Work instructions: Please give back, exactly as written, the lines from the line with "Lila und goldenes" to the line with "Puče stotka: Zvezda" in the listing below, leaving out all pictures.

The records:
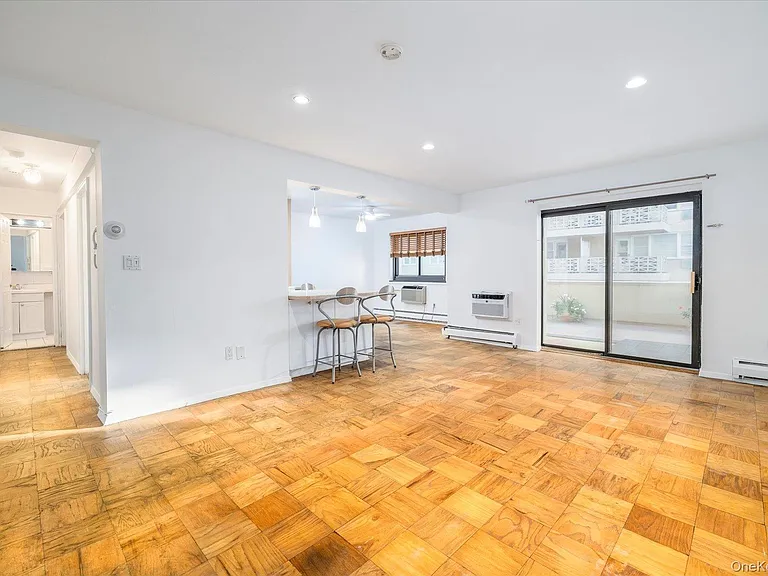 420 Shore Rd #1F — Photo 2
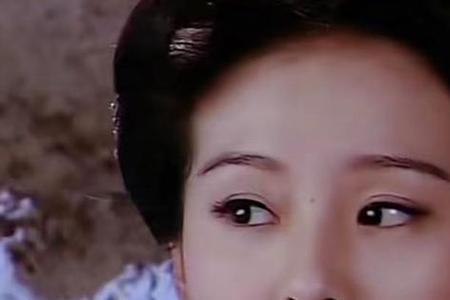 右眉下有痣的女演员
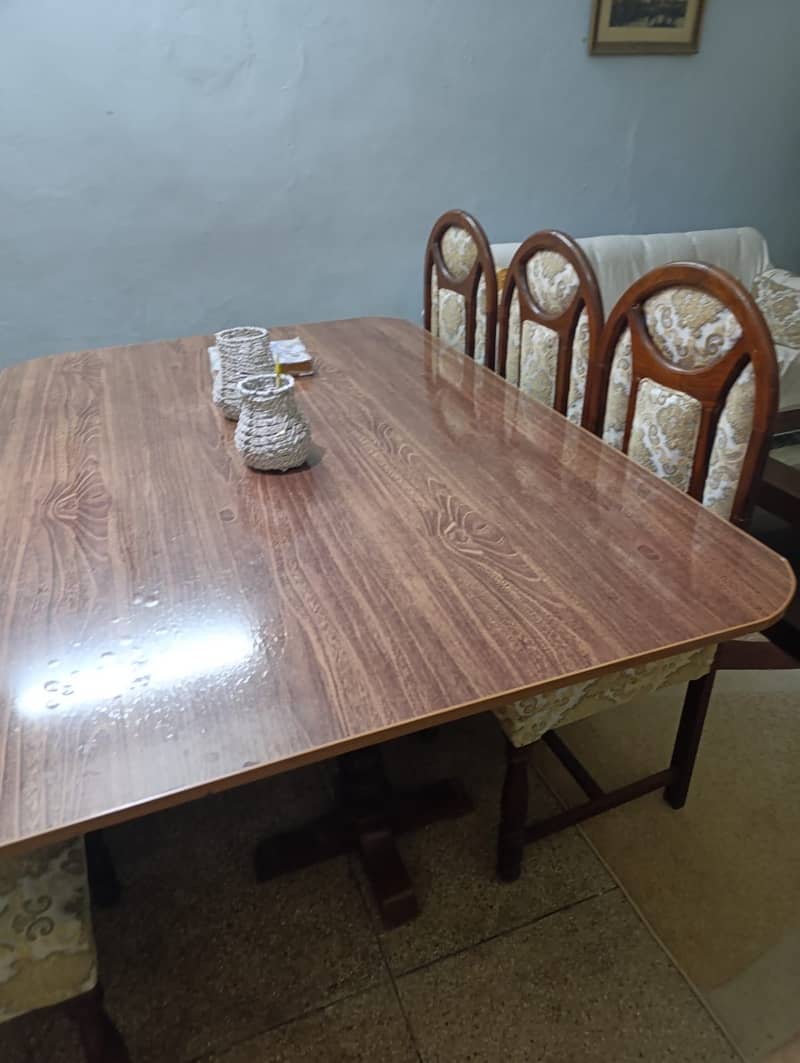 6 seater dining table  with no demage. Almost new 1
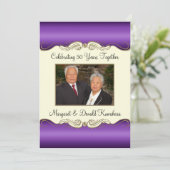 Lila und goldenes 50-jähriges Hochzeitsjubiläum im Einladung (Stehend Vorderseite)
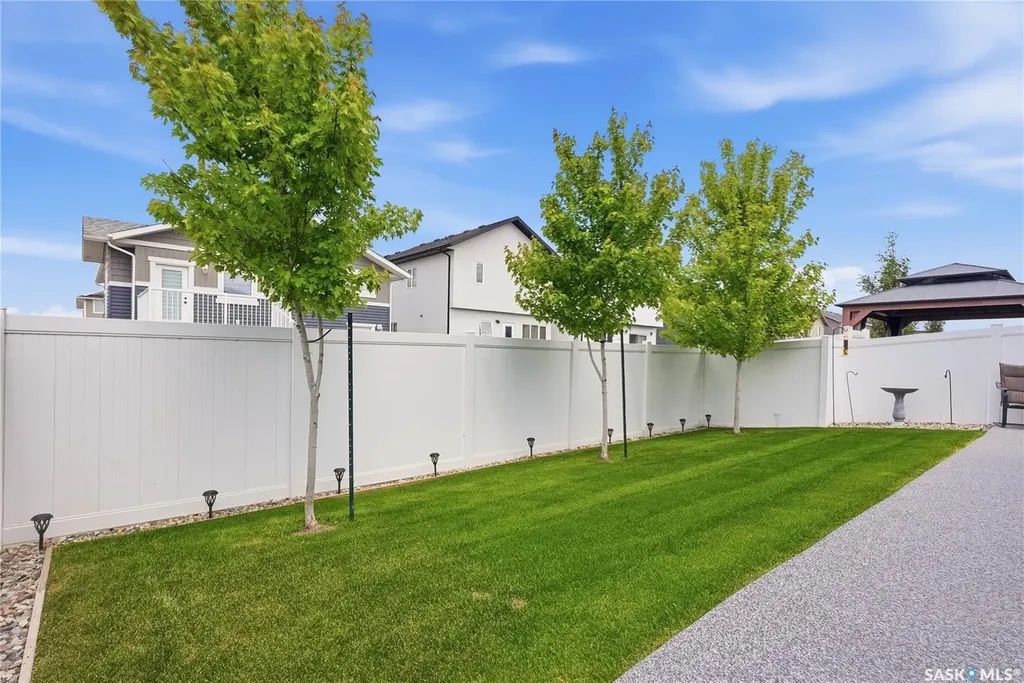 103 Barrett Street Saskatoon SK S7W 0Z6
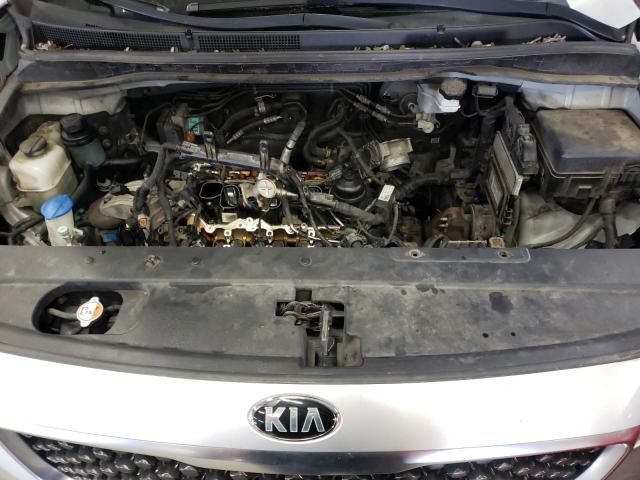 KNDMB5C19F6018158 - 2015 KIA SEDONA LX SILVER photo 12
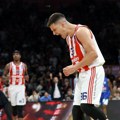 Puče stotka: Zvezda razbila Budućnost, Petrušev isključen (foto, video)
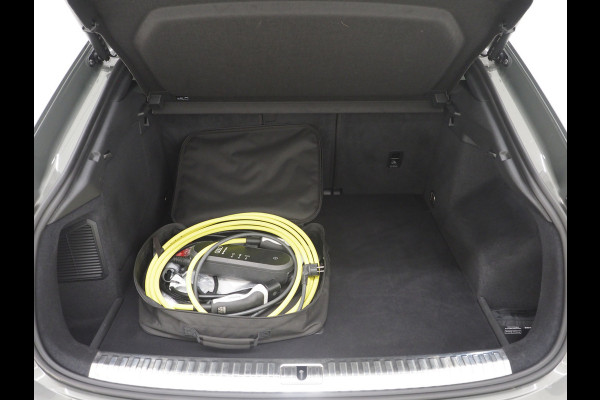 Audi Q3 Sportback 45 TFSI e S-Line Edition Black | LED | Keyless | Adaptive Cruise | Camera | Zwarte Hemel | Carplay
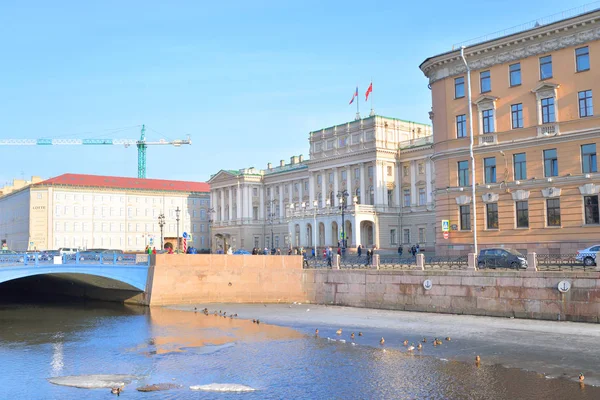 Banvallen av floden Moyka. — Stockfoto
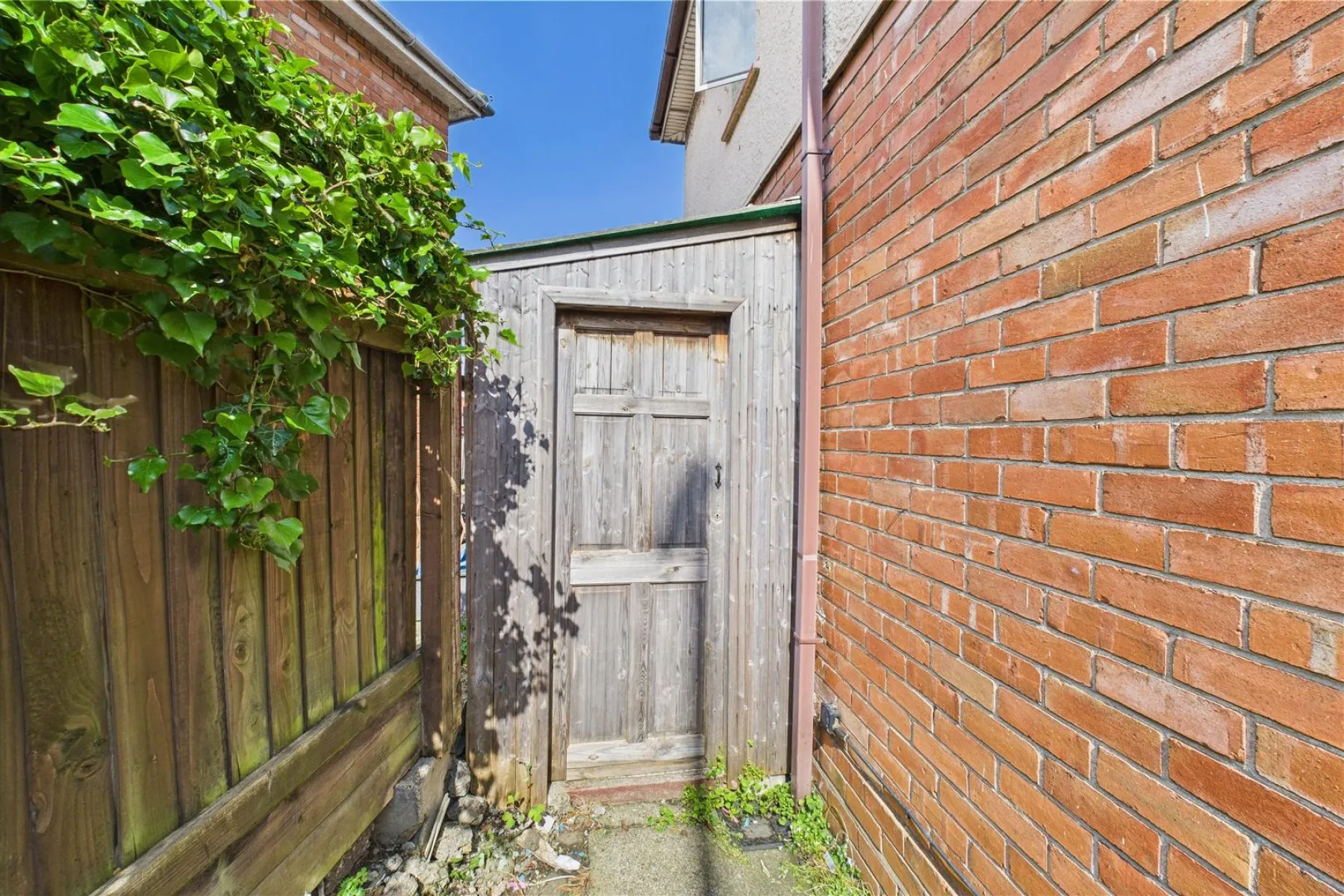 SEMI | BASIC UPDATING | BS4, 3 bedroom, House - Semi-Detached - 33920243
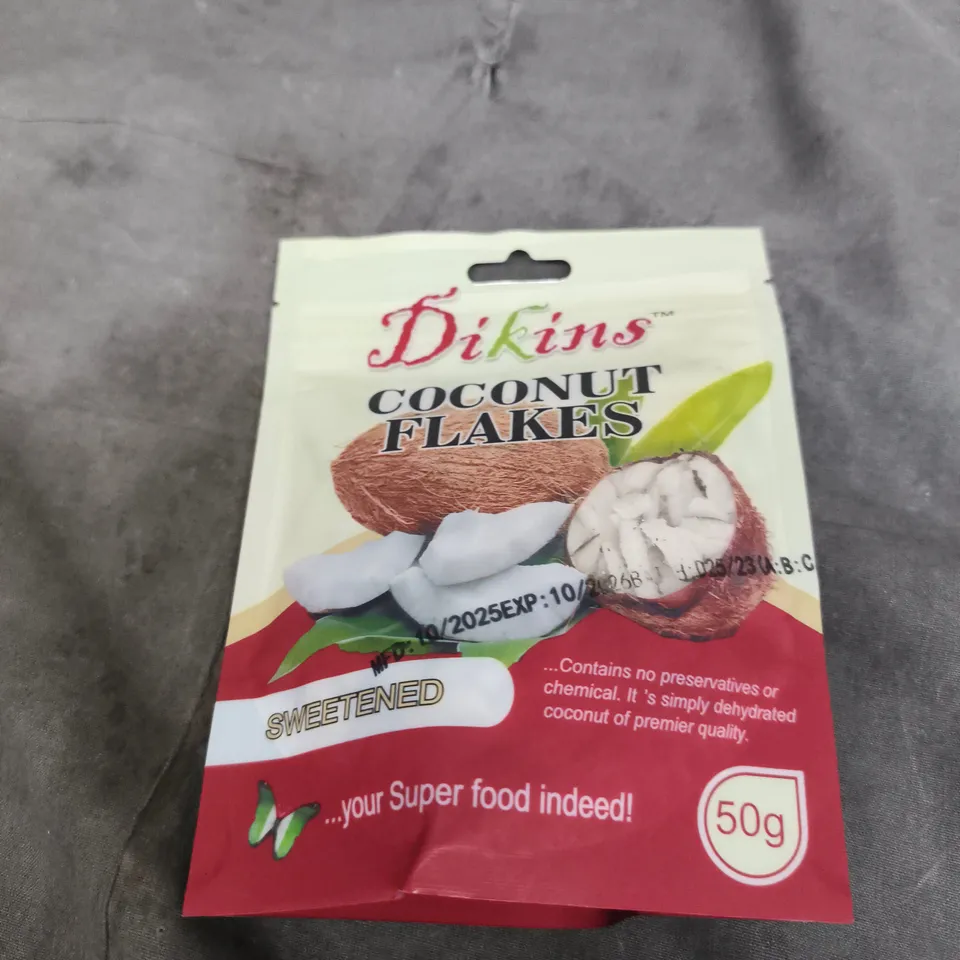 BOX OF APPROXIMATELY 12 ASSORTED FOOD ITEMS INCLUDING FLETCHERS BILTONG , DIKINS COCONUT FLAKES AND LOTTE CHOCO PIE 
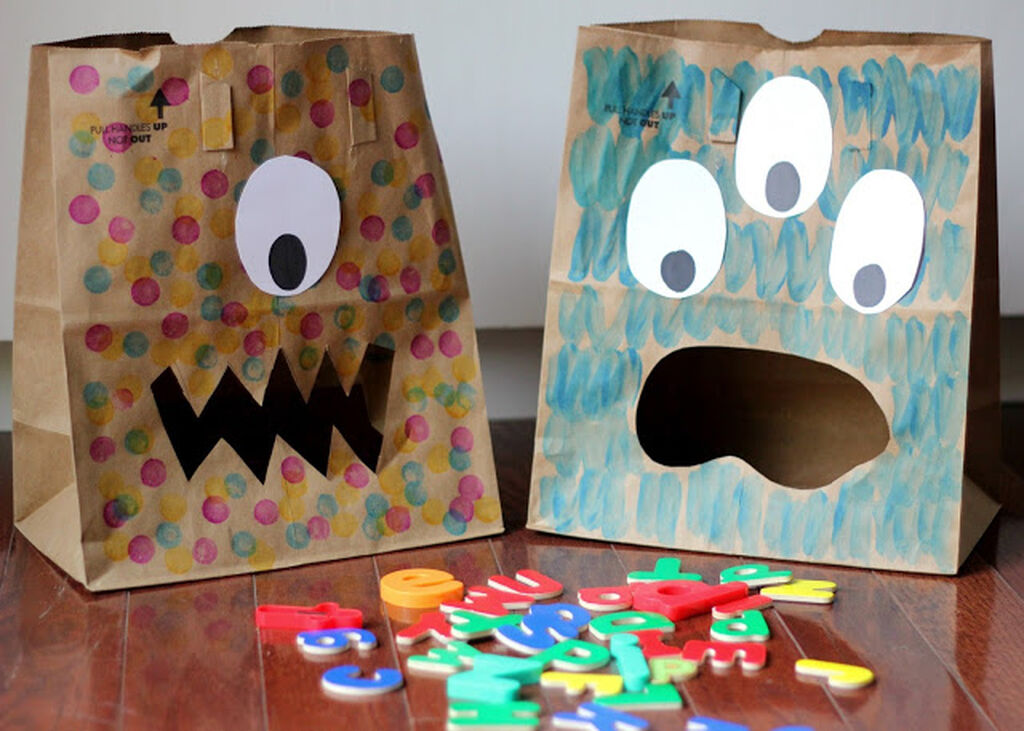 Φτιάξτε χάρτινα τερατάκια από σακούλες και ζητήστε από τα παιδιά σας να τα ταϊσουν με αριθμούς, γράμματα ή παιχνίδια.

Response:
 Lila und goldenes 50-jähriges Hochzeitsjubiläum im Einladung (Stehend Vorderseite)
 103 Barrett Street Saskatoon SK S7W 0Z6
 KNDMB5C19F6018158 - 2015 KIA SEDONA LX SILVER photo 12
 Puče stotka: Zvezda razbila Budućnost, Petrušev isključen (foto, video)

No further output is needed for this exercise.